Process Data for Image Curation#
Process image data you’ve loaded into a WebDataset using NeMo Curator’s suite of tools. These tools help you generate embeddings, classify images, and filter your dataset to prepare high-quality data for downstream AI tasks such as generative model training, dataset analysis, or quality control.
How it Works#
Image processing in NeMo Curator typically follows these steps:
Load your dataset using
ImageTextPairDataset
Generate image embeddings using a built-in or custom embedder
Apply classifiers (such as aesthetic or NSFW) to score or filter images
Filter images based on classifier scores or metadata
Save or export your curated dataset for downstream use
You can use NeMo Curator’s built-in tools or implement your own for advanced use cases.
Classifier Options#
Assess the subjective quality of images using a model trained on human aesthetic preferences. Useful for filtering or ranking images by visual appeal.

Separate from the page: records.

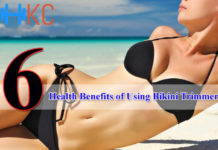 health benefits of using bikini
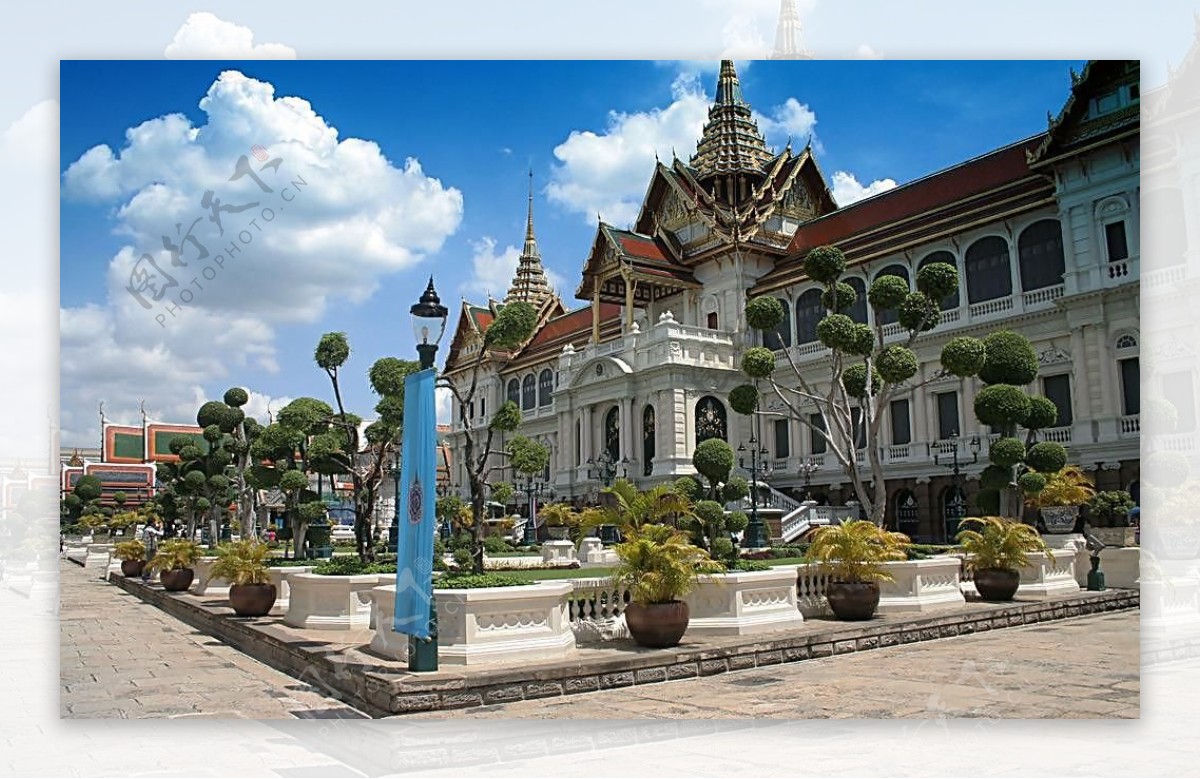 【大皇宫摄影图片】泰国风光摄影_把哪一刻成为永恒的回忆_太平洋电脑网摄影部落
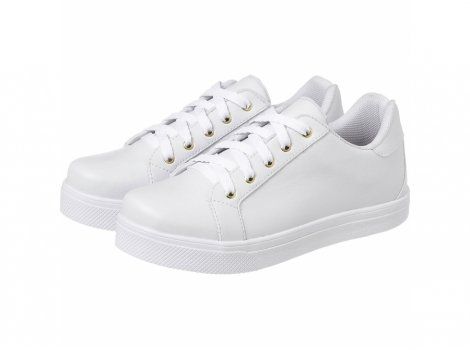 Tênis Amarração Sola Baixa Bianco | Arezzo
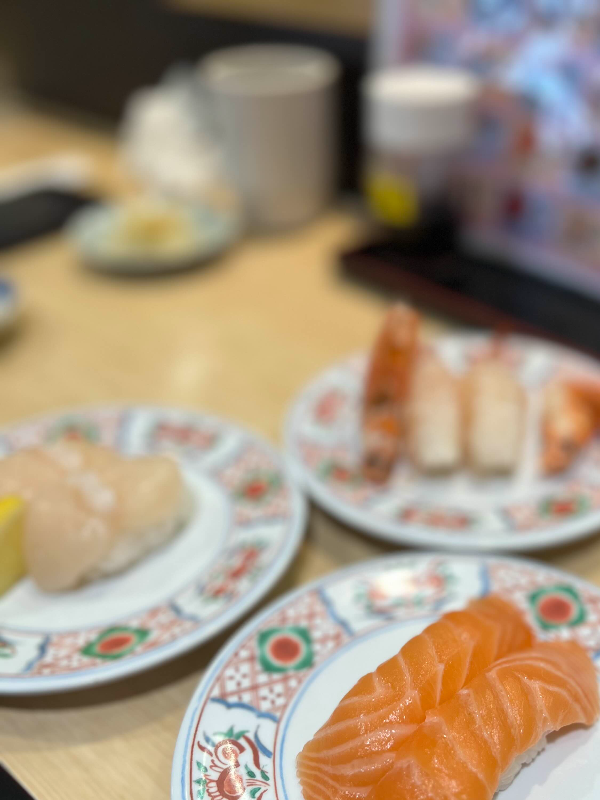 하카타역 스시 맛집 우오가시
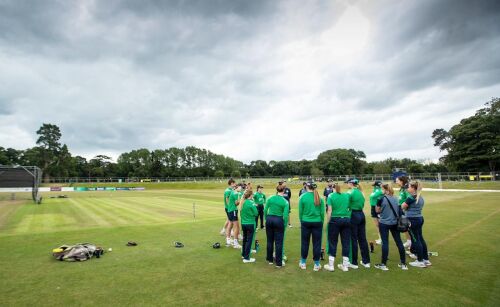 Zimbabwe vs Ireland, 2nd Women’s ODI: Paul, Lewis guide visitors level series Image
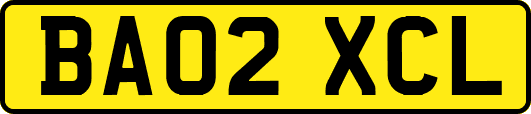 BA02XCL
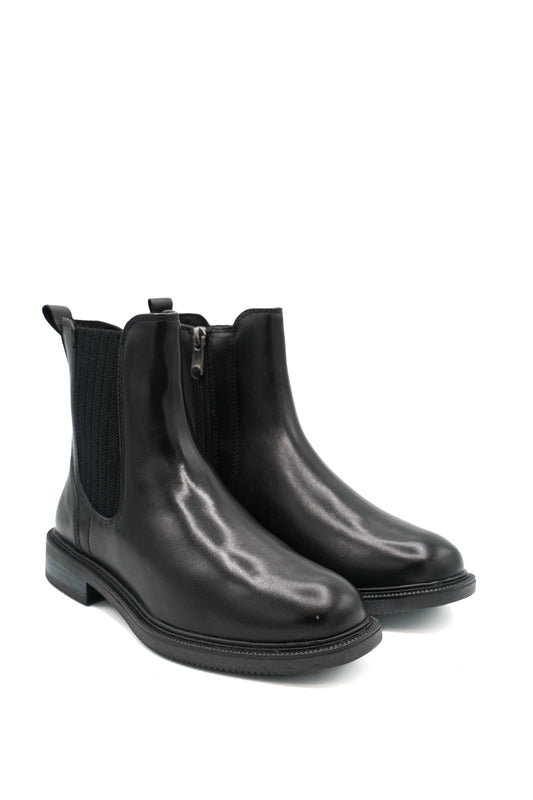 Gaia Shoes Stivaletti Pelle 25305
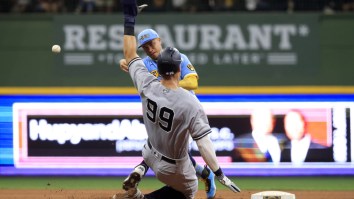 Ump Admits To Missing Call Against Yankees Which Played Key Role In Win Over Brewers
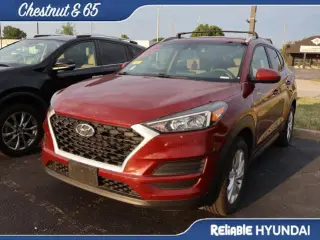Hyundai TUCSON 2019 Valor 4p SUV
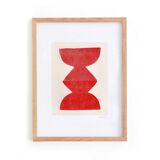 paint - M716i - bright red - signed Eawy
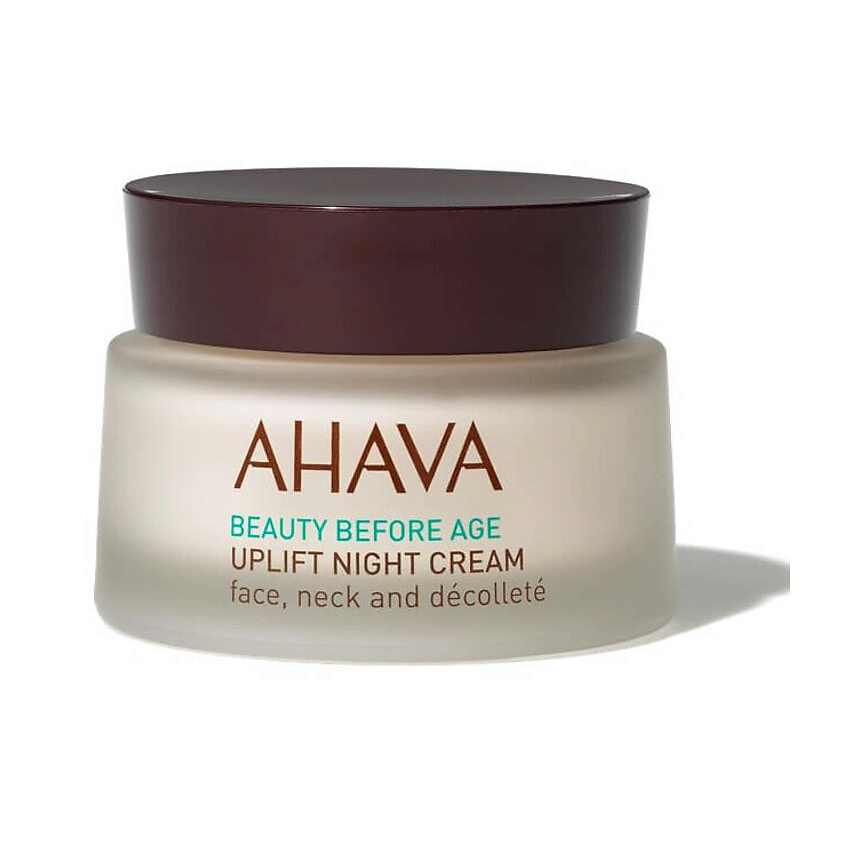 Изображение товара AHAVA Ночной крем Beauty Before Age Uplift, 50 мл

Detect not-safe-for-work (NSFW) content in images using a CLIP-based classifier. Helps remove or flag explicit material from your datasets.
Embedding Options#
Use state-of-the-art models from the PyTorch Image Models (timm) library for embedding generation. Highly recommended for most users.
Implement your own image embedding logic by subclassing the base class. Useful for research models or custom pipelines.
Filtering Images#
Filter images in your dataset by applying thresholds to classifier scores (such as aesthetic or NSFW) or by using metadata fields. Unlike text curation, NeMo Curator does not currently provide built-in heuristic or content-based filters for images. Filtering is typically performed as a post-processing step after classification and embedding.
Common filtering strategies:
Remove images with low aesthetic scores
Remove or flag images with high NSFW scores
Filter by metadata (e.g., resolution, aspect ratio)
Example: Filtering by classifier score in Python
import dask_cudf
# Assume df is a Dask-cuDF DataFrame with 'aesthetic_score' and 'nsfw_score' columns
filtered = df[(df['aesthetic_score'] > 0.5) & (df['nsfw_score'] < 0.2)]
You can also implement custom filtering logic based on your project needs.